The bad news — and there’s plenty of it to go around — is that most of you have been reading too many of your own press releases. Perhaps you’ve repeated the “business user-focused BI” mantra for so long that you’ve forgotten who we, your current and future customers, really are: the IT professionals who plan, build, deploy, and manage strategic business applications. Doing all four of those tasks is now much easier than ever, but they’re still not plug-and-play as you virtually profess, and they probably never will be.
The Road More Traveled
Instead, many of you have fallen in love with “packaged analytic applications,” and you’re marketing them heavily toward business users, as if you were truly selling shrink-wrapped solutions. In fact, you are so concerned about maintaining the appearance of success in that effort that some of you are playing games with your numbers by shifting reported revenue away from the tools side of the house toward the applications side, even though the distinction is dubious at best. Why?
The truth is that you can’t put ERP adapters, UI components, canned reports, and business rules into a box, call it an “analytic application,” and expect us to think that it will solve all our marketing, supply chain management, and e-business problems without breaking a sweat. In fact, when we hear the words “turn-key” or “out of the box,” we get very, very nervous.

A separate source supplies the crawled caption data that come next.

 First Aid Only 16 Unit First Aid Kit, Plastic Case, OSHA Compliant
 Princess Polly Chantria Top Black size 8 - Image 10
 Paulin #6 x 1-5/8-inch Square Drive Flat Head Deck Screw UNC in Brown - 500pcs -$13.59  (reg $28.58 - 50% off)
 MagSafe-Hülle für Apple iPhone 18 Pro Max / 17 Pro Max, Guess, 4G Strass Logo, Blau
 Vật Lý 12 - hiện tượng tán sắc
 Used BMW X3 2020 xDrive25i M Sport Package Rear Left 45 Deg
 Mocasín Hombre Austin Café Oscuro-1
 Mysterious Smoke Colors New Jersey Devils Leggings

Let’s face it: A lot of us deployed so-called packaged CRM solutions at the height of the dot-com craze. We were so desperate to stay “competitive” that quick deployment superceded business value and ROI, even at some bigger companies. Now, we’re spending a fortune on application integration infrastructure because those solutions changed into stovepipes overnight, like Cinderella’s carriage into a pumpkin. Some of us are even saying to heck with it and farming the whole process out to managed services providers such as DigiMine Inc.

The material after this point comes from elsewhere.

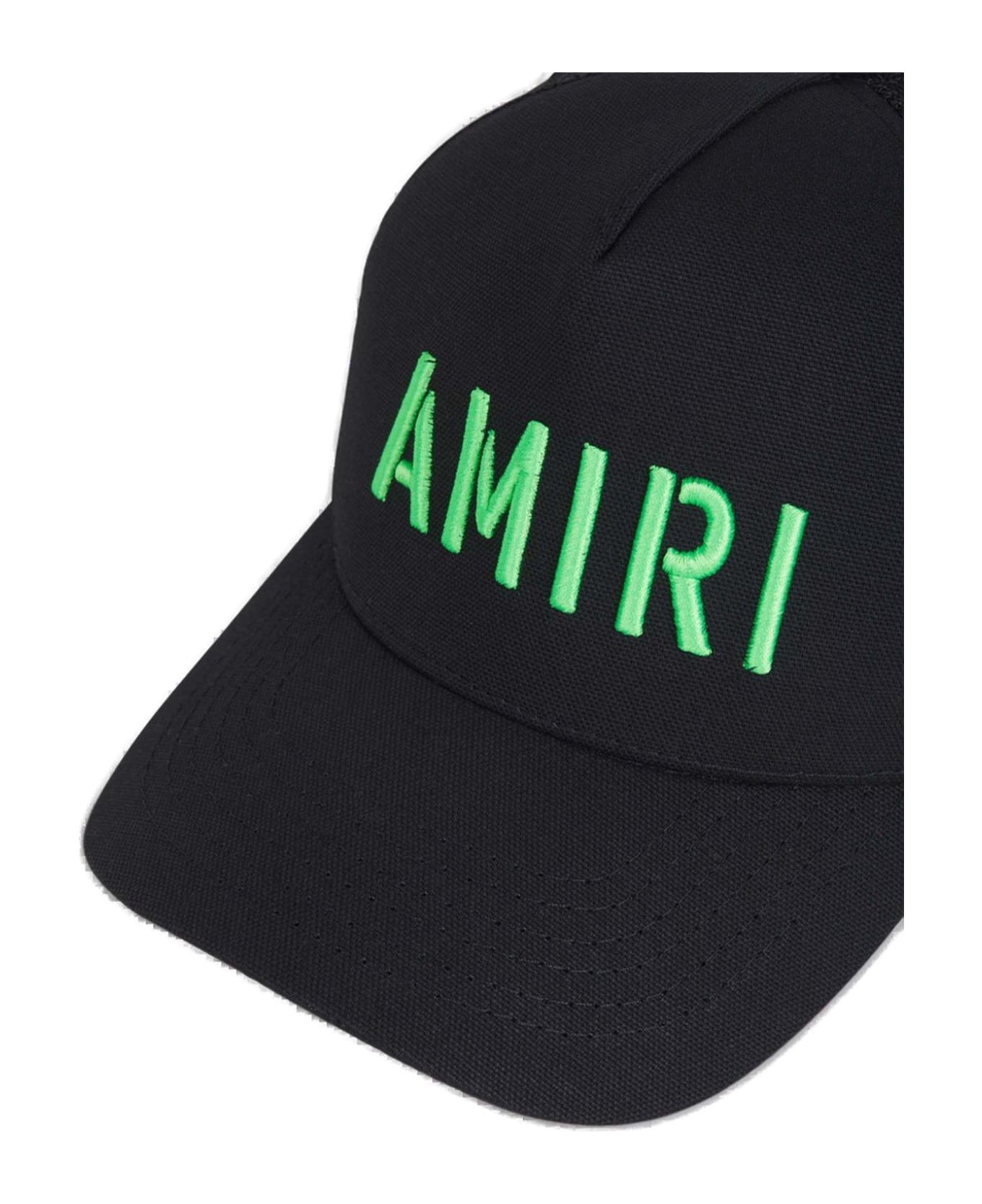 AMIRI Logo Embroidered Baseball Cap - Nero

The enterprise application vendors — SAP AG, Siebel Systems Inc., and PeopleSoft Inc. — understand all this. They’re busily integrating (although we always take that word with a grain of salt) analytics into their suites because they already “own” our operational data. They know that your foray into analytic applications is faltering because, despite your marketing messages, IT still needs to be heavily involved. So why should we add another strand to the spaghetti?
What We Need
If you really want to help us, here’s what you can do: Make your technology even more powerful, extensible, and easy to use. Help us build communication channels to our business users so that we can build strategic applications more quickly and with less risk. Make it easier to make internal data available to partners and bring external data behind our firewalls (and do both securely). Give us a greater say in your product planning process so that the tools you eventually deliver are a better match for our real-world needs. But above all, don’t make promises you can’t keep.